I bought it used. I probably paid less that $10.00 over all for it. The description by the seller (not Amazon directly but an "associate") was used and fair condition, hardcover with dust cover. I will happily pay a little more for a used book with the dust cover, it often means the book was well taken care of otherwise.
It arrived in the mail two days ago. I opened it up and was on the inside cover found an inscription that made my jaw drop.
Here was a book signed by the author, with an inscription written to Sam and Alfreda Maloof. That means this book was probably in Sam Maloof's hands at one point, and most likely among the books on his shelf. The possibilities of receiving this book from a random selection on Amazon amazes me. It's part of the human experience to tack significance onto seemingly random acts of coincidence, but then again, maybe there is something to destiny. This book could have ended up in a thousand different hands, people who would not ever have recognised the names in the inscription.
Having it in my possession almost feels like I stole something.
The book itself is fantastic. It gives a snapshot of woodworking in the mid 1980's. The parents of woodworking as I know it today. Between the covers are the roots of both studio furniture and modern woodworking media. We revere the words these men wrote and the furniture they built. Have you spent time in your favorite chair with "An Impractical Cabinetmaker" or "Soul of a Tree"? Paged through Fine Woodworking Magazine?
How revered are the names of Krenov and Maloof, Frid and Nakashima.

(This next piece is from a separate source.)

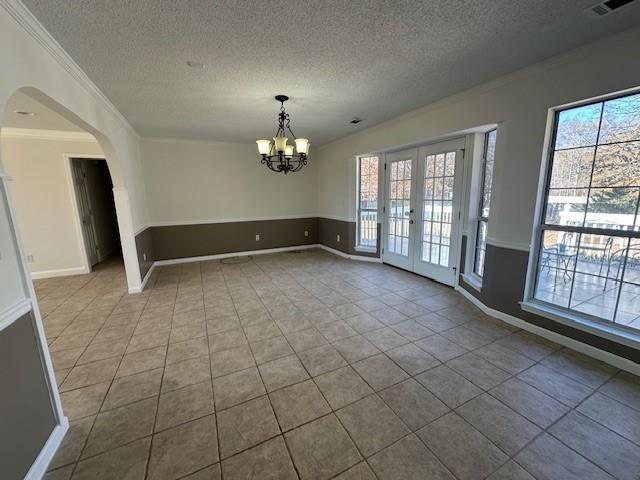 unfurnished dining area with a chandelier, french doors, a textured ceiling, and crown molding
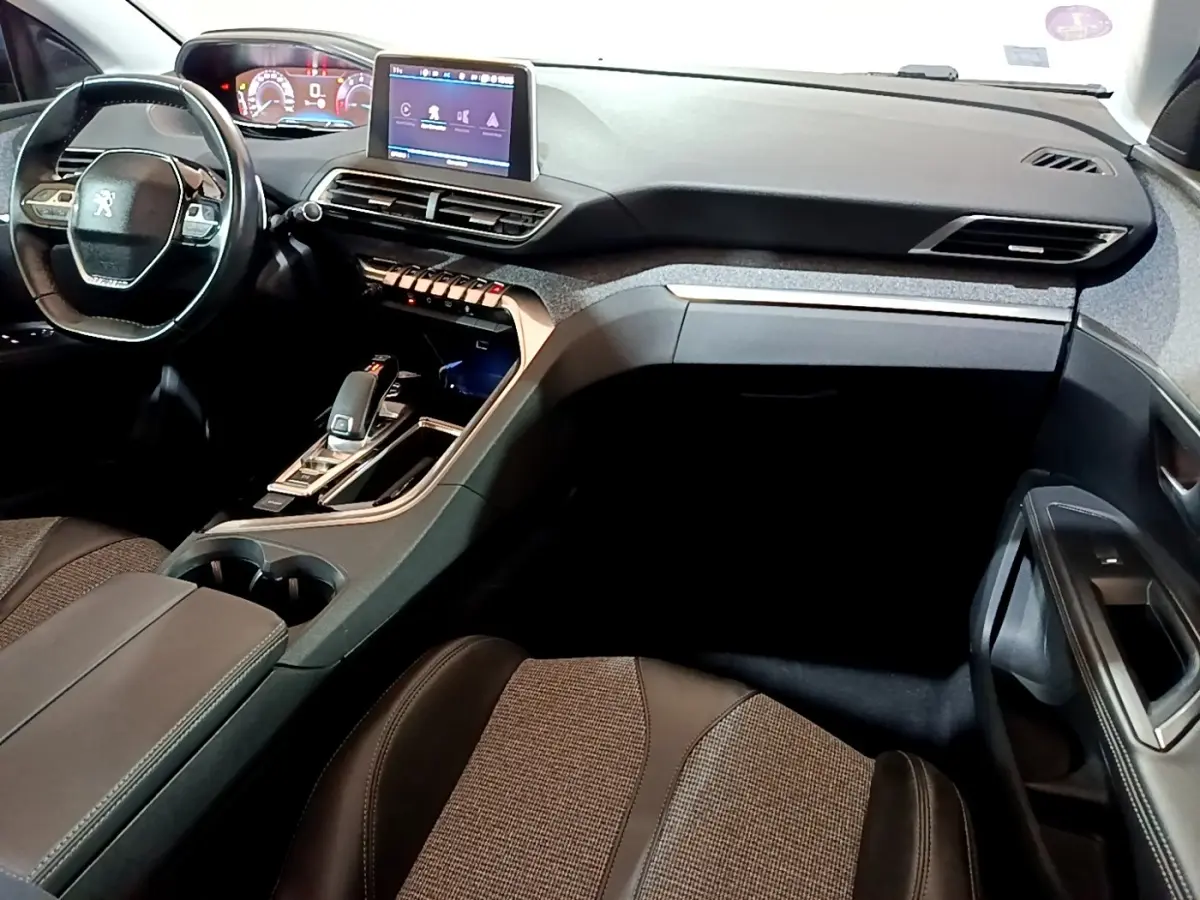Intérieur Peugeot 5008 bleu, vue côté passager sur tableau de bord moderne avec écran tactile et volant cuir.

But the question remains, "Where do we go from here?" The book is nigh 30 years old. Who are the next ten Artisan Masters of today? Not to replace the artisans mentioned in this book, but to stand on their shoulders to see further, like those in the book stood on the shoulders of those before them.
How about men like Thos. Moser, David Savage, or Aaron Bladon? Writers and teachers like Jeff Miller or Tom Fidgen? An artistic wild card like Chris Wong? Someone immersed in green woodworking tradition like Jarrod StoneDahl?
Or, is the furniture output you see from these woodworkers to much like the sculptural work of the ten men listed in Michael A. Stone's book.
What's the next step past sculptural, studio style furniture.
I sure don't consider myself nearly experienced enough, educated enough, or worldly enough to deserve the right to weigh in on the who or what of these questions.
We spend a lot of time looking at our past, and thats a good thing. We learn from our past.
We spend a fair amount of our time looking to our future. Soon I will start building this. Tomorrow I will cut the joinery for that. This is also good because you need to have a sense of where you want to go.
The thing you miss, looking to the future or rebuilding the past, is discovering where you're standing Right Now.
Like it or not, this book records ten woodworkers relevance in the past. Who would you count as the woodworkers building their relevance now and working towards the future?
I hope people will understand that someone has to ask these questions.